20 ottobre 2010

Il momento della fuga

Era fatta. Finalmente li portavano in gita in barca, come avevano promesso da un po', e già le ragazze fremevano nei loro parei gialli e verdi, brillanti come i sorrisi nei loro occhi. Lui se ne stava lì accanto e le guardava con una smorfia delle sue, una di quelle facce che non si sa cosa vogliano dire; non possedeva una grande espressività facciale, e per questo a volte passava per misterioso e perfino per affascinante. Almeno una di quelle ragazze la pensava così, in effetti: lo si capiva dalla cortesia con cui lo trattava, dalla fretta ingenua di attaccare discorso, e da mille altri dettagli che a lui sembravano chiarissimi e che gli strappavano un sorriso, o una smorfia, o una di quelle strane facce che faceva lui.
Lei non era né bella né brutta. Il suo viso, dai tratti gradevoli, aveva tuttavia una forma inconsueta ed eccessivamente triangolare, molto felina; il corpo, invece, era insieme florido ma sodo e robusto. La ragazza, lo si vedeva anche dal costume tecnico che indossava, praticava nuoto a livello agonistico (probabilmente per combattere la sua tendenza a mettere su peso). Tutto questo, in ogni caso, non contava: l'unica cosa che contava era allontanarsi dalla costa.

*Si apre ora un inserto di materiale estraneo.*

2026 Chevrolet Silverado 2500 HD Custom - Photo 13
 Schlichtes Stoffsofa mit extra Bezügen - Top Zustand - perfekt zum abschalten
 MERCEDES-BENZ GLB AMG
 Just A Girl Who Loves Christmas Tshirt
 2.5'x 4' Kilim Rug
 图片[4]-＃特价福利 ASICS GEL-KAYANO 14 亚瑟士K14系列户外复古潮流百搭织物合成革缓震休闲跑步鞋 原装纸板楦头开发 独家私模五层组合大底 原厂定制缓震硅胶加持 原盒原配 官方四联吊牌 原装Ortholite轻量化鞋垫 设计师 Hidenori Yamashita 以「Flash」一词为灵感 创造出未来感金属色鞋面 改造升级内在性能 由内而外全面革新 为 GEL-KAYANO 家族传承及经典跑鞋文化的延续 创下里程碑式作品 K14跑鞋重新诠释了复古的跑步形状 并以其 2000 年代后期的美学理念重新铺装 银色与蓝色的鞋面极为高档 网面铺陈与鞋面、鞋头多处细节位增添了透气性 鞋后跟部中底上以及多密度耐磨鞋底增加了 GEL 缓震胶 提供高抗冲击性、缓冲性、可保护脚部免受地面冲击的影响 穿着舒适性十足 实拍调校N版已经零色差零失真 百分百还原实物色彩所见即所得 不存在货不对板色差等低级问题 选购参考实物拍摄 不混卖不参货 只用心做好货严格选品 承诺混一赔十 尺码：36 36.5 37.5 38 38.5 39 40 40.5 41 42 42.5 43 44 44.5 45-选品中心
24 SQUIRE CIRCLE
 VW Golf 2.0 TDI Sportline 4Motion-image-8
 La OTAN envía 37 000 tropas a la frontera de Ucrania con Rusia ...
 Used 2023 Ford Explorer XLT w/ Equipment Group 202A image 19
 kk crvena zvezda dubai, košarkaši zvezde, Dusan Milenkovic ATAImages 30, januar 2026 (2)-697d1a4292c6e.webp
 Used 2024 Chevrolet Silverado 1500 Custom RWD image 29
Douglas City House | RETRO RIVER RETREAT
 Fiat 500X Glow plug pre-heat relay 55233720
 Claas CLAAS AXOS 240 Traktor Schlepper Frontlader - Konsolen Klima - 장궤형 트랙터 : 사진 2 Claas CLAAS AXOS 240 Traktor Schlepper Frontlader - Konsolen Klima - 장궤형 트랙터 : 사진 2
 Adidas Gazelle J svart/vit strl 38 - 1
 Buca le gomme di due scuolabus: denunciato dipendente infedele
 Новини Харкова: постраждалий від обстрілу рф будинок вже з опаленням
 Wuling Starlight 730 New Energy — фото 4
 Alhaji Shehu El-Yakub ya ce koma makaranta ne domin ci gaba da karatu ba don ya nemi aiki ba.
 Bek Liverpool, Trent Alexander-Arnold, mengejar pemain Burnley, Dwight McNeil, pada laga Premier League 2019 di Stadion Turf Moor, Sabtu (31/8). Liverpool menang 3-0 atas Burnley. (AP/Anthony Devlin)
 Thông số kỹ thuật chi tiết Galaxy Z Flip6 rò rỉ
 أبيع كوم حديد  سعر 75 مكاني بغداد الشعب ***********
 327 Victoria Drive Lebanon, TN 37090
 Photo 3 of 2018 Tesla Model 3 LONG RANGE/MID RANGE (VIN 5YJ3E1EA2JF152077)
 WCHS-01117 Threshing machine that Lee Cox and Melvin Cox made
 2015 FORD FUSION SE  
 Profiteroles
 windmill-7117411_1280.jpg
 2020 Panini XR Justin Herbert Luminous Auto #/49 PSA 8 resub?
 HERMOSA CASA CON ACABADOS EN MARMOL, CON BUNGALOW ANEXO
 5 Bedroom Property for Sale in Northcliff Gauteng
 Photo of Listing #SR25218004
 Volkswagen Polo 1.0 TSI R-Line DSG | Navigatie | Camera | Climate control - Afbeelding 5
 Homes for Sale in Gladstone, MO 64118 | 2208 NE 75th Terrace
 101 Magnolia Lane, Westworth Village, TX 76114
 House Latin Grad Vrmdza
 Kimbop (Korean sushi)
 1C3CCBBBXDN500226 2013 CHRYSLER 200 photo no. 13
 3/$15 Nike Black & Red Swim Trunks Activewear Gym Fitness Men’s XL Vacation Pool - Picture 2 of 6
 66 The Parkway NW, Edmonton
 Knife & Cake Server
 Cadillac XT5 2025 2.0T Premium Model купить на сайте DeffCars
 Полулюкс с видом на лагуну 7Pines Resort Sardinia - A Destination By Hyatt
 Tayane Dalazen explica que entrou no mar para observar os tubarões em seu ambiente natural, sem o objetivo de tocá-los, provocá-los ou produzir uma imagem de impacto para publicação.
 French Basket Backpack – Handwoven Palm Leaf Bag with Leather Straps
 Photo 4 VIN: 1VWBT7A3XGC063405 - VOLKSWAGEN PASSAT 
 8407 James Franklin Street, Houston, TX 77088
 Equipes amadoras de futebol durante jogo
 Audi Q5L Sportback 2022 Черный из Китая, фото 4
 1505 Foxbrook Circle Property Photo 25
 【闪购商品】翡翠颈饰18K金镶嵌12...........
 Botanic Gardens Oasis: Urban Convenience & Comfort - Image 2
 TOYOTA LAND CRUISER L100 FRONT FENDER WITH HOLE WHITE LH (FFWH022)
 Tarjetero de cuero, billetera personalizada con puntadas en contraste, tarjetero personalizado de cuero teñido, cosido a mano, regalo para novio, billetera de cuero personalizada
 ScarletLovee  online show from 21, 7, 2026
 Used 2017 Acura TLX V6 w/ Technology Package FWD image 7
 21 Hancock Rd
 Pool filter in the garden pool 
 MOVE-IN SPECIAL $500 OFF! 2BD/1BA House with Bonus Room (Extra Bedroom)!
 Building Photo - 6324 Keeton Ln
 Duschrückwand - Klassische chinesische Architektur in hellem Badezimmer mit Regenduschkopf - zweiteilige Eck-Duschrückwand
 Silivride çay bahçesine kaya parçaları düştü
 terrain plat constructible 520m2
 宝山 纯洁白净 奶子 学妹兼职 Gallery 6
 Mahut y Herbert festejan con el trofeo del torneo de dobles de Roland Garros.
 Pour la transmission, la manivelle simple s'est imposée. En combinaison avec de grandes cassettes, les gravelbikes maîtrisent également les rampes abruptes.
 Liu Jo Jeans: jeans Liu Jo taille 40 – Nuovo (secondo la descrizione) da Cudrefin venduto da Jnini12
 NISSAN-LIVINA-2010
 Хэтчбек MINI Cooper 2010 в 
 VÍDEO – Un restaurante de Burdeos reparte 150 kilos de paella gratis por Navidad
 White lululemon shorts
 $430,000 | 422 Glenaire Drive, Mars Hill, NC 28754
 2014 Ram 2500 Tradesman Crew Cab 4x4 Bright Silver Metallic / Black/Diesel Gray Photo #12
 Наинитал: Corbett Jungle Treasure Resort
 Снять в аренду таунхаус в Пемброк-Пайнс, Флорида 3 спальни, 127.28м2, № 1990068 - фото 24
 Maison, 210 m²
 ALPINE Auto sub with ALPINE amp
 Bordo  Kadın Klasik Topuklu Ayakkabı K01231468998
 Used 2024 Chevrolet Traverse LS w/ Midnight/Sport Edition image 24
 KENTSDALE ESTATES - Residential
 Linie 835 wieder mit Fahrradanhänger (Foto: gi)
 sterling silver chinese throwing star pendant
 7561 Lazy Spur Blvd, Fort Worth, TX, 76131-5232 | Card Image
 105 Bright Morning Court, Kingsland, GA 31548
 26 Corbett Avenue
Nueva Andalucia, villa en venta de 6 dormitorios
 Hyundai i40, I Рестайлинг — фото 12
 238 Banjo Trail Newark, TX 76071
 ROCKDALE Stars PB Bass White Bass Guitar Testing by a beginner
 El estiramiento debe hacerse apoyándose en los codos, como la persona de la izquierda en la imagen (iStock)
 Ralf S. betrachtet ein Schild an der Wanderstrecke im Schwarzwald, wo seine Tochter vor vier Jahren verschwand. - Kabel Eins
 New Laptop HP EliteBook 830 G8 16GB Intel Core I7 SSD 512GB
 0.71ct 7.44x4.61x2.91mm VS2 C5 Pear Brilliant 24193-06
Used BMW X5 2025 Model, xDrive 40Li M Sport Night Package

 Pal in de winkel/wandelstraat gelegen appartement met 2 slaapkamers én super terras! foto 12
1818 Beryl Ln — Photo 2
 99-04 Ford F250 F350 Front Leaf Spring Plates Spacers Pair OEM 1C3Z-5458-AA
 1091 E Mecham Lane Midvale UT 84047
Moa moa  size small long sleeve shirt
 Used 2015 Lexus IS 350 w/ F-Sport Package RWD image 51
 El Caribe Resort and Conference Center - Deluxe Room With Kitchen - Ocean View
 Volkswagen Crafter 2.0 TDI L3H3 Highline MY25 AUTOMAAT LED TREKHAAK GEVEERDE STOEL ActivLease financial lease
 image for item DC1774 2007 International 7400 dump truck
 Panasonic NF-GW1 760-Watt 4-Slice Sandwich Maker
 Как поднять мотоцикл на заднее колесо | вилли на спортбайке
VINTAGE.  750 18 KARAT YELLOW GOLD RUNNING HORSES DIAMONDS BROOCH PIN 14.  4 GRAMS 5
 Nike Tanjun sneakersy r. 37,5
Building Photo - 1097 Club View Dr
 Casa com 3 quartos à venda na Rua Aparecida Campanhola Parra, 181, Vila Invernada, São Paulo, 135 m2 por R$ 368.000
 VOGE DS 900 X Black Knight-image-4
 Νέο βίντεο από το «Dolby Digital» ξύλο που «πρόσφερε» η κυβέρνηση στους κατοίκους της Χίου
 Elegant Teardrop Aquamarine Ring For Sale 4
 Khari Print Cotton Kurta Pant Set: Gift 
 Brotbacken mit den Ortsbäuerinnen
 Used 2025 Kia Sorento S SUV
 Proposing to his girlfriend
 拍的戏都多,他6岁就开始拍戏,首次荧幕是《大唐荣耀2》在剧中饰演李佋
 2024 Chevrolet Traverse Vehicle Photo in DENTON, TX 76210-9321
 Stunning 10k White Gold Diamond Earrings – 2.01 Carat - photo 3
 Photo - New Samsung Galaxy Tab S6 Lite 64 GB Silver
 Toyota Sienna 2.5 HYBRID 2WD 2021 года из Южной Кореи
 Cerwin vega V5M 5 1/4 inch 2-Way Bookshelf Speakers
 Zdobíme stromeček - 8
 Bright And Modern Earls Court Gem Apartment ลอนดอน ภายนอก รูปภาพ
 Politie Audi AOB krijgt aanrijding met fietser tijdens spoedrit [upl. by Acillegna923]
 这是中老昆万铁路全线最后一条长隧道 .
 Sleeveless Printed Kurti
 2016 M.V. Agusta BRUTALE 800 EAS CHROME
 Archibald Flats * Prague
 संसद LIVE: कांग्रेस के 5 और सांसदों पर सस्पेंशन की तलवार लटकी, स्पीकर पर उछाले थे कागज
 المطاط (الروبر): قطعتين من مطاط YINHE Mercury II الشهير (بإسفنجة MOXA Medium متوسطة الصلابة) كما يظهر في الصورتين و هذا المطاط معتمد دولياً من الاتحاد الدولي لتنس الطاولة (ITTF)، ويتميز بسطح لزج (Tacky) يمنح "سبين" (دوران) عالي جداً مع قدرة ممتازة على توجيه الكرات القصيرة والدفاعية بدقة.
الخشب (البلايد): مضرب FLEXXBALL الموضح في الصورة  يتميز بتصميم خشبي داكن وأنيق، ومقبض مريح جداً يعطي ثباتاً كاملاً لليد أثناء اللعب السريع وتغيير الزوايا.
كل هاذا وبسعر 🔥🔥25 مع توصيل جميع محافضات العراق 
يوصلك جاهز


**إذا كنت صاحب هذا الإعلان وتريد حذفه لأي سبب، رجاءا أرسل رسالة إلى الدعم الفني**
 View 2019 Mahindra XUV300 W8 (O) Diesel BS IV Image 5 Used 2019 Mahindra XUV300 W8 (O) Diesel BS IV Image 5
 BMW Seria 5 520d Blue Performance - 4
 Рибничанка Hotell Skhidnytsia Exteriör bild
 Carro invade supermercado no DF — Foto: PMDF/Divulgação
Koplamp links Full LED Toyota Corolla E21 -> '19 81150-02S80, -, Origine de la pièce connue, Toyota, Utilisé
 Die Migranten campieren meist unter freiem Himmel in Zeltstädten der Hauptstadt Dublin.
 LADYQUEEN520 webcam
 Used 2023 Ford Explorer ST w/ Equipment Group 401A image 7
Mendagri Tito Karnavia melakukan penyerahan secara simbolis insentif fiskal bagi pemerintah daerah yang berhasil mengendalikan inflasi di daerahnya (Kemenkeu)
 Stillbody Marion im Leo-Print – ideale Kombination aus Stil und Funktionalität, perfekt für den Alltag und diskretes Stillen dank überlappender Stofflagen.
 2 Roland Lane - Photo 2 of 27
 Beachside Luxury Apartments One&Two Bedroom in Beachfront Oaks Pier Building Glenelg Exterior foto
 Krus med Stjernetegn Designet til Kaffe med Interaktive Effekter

Alla fine salirono tutti: le ragazze come ospiti, lui come loro accompagnatore. Lui, che si sentiva sempre in colpa per un sacco di cose, pensò non senza disagio che al ritorno le avrebbe lasciate senza accompagnatore, contro ogni deontologia e venendo meno all'impegno che aveva assunto. L'uomo aveva deciso, infatti, che avrebbe approfittato del bagno in mare aperto, di cui le ragazze già parlavano, per allontanarsi il necessario e lasciarsi affogare. Era già tutto stabilito da giorni; nel frattempo, partecipava con accettabile arguzia alle discussioni delle giovani.
Quando infine si gettarono in acqua (non erano poi così lontani dalla riva, ma la distanza era comunque sufficiente), non rimase a fare capannello con la massa delle ragazze, ma seguì la sua timida innamorata che già mulinava bracciate; era un ottimo pretesto per allontanarsi, e già dopo una trentina di secondi si fermò, controllò che le altre fossero distratte e si infilò sott'acqua. Ne riemerse qualche secondo dopo, perché non è facile ammazzarsi così (dal punto di vista meccanico; moralmente, non aveva rimorsi né ripensamenti), e si preparò a tornare sotto definitivamente. Lo colpì però diretto negli occhi il sole del pomeriggio, e lo costrinse a voltare lo sguardo; davanti a lui, ora, c'era una scia bianca che si assottigliava e si perdeva sempre più, e a produrla erano le bracciate profonde e vigorose della ragazza. La osservò un attimo, i raggi del sole che scaldavano le sue braccia abbronzate e i capelli castani che uscivano a momenti dall'acqua. Nell'insieme, lei gli ricordò un gatto di bronzo che tanti anni prima faceva da fermacarte alla sua prima maestra elementare. Quel gatto di bronzo, approssimativo e bruttarello, era stato fuso - lo ricordava ancora precisamente - da qualche classe precedente nell'ambito di un laboratorio o per un esperimento. Quella ragazza somigliava in qualche maniera a quel gatto di bronzo, e lui prese a seguirne la scia.
La raggiunse mentre riprendeva fiato, guardando la spiaggia, e l'abbracciò da dietro. Lei non disse nulla.
Continuò ad abbracciarla anche sulla barca, al ritorno, mentre chiacchierava con le altre, e lasciò che il suo costume intero blu (un costume da vera nuotatrice), che ancora ansimava un po' all'altezza del petto, si asciugasse su di lui. La ragazza muoveva ogni tanto il fondoschiena, con discrezione, per riattizzare la sua erezione; non per malizia o per desiderio sessuale, più che altro perché gradiva quella consistenza e quella pressione.